Hernandez plans lawsuit against Legislature, House leaders
A lawyer for state Rep. Diego Hernandez has served notice of a tort claim against the state and how the Oregon House has handled its investigation of allegations against the Portland Democrat of sexual harassment and creating a hostile workplace.
The claim was filed by Salem lawyer Kevin Lafky with the Department of Administrative Services, the management and budget agency for state government. A tort claim alleges a civil wrong, such as physical injury or emotional distress, and usually seeks monetary damages.
Lafky said Monday, May 11, that the lawsuit may name the state itself and the Legislature, as well as House Speaker Tina Kotek and Majority Leader Barbara Smith Warner, both Portland Democrats.

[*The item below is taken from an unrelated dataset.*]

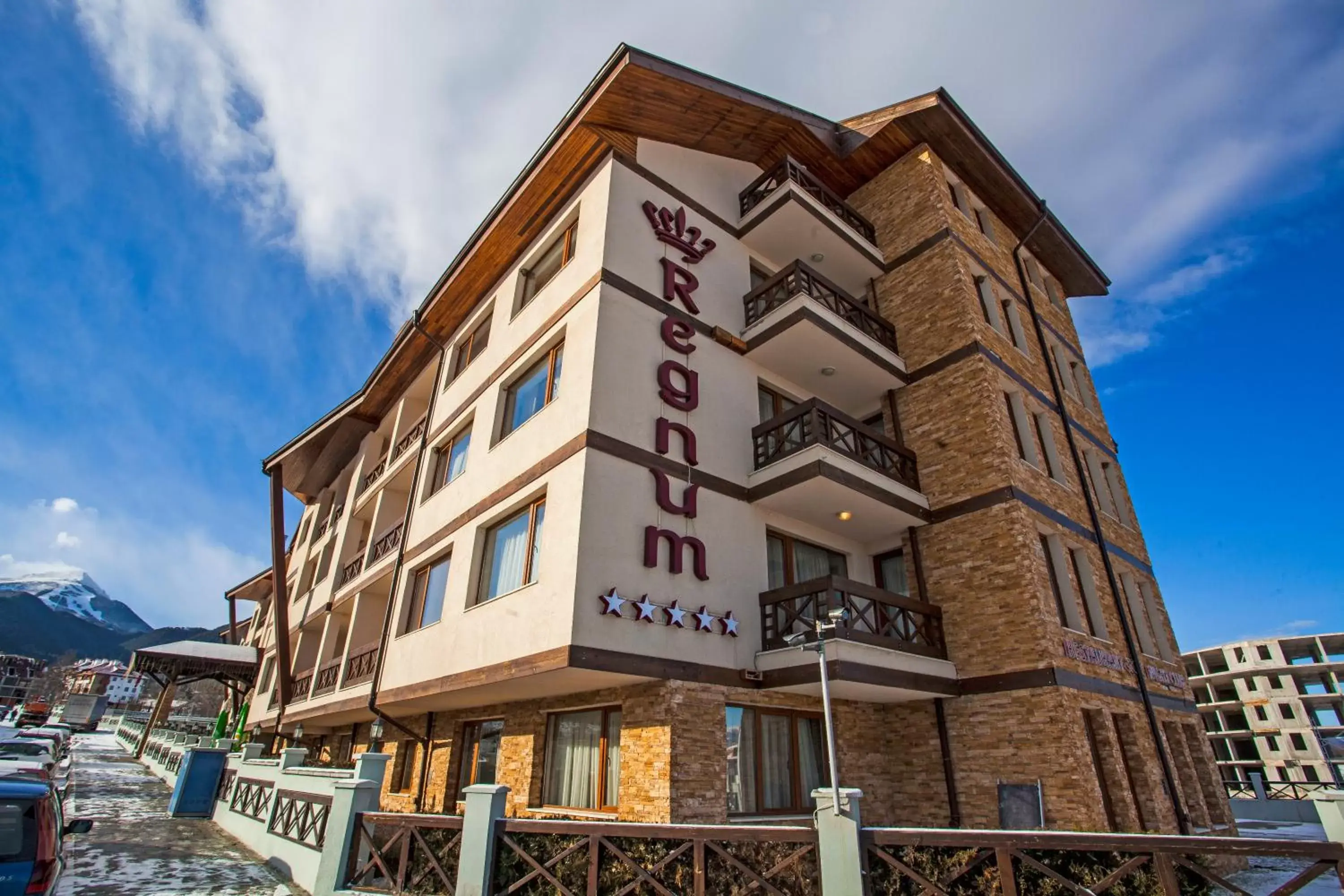 Property Building in Regnum Bansko Ski Hotel & SPA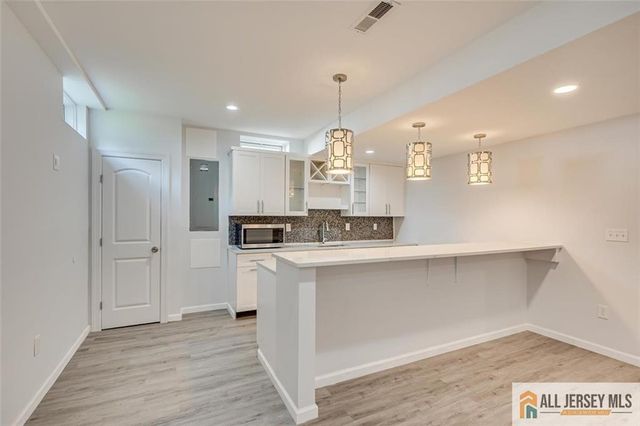 23 Dalton Place, Edison, NJ 08817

Kotek, through a spokesman, declined comment.
The claim is aimed at the investigative process set in motion publicly May 4 by the House Committee on Conduct, which received the complaint against Hernandez. Its members, equally divided between the political parties, are nominated by Kotek and the minority-party leader and approved by the full House.
After the committee approved two interim steps — one barring contact between Hernandez and the women involved in the complaint, and the other requiring Hernandez to give 24-hour notice before he enters the now-closed Capitol in Salem — Kotek called on Hernandez in a news release to resign his District 47 seat.
Lafky said in a statement:
"My client's civil and constitutional rights are being violated and we are ensuring that a political process is also being held accountable by a legal process that guarantees those rights, such as presumption of innocence and the right to know exactly what you are being accused of and by whom. Rep. Hernandez isn't just fighting for himself; he's fighting for due process and the rule of law."
Hernandez has alleged there is an organized campaign to pressure him to resign, based partly on his opposition to 2019 legislation favored by legislative leaders to divert some future public-pension benefits to shore up current payments. Senate Bill 1049 passed 31-29; Hernandez was one of seven Democrats to join all 22 Republicans in opposition.
"A white, powerful speaker is attempting to destroy a man of color's character because he refused to help her reduce working-class people's retirements. We have centuries of history in which men of color have been disproportionately affected by unfair and/or falsified allegations of gender-based misconduct."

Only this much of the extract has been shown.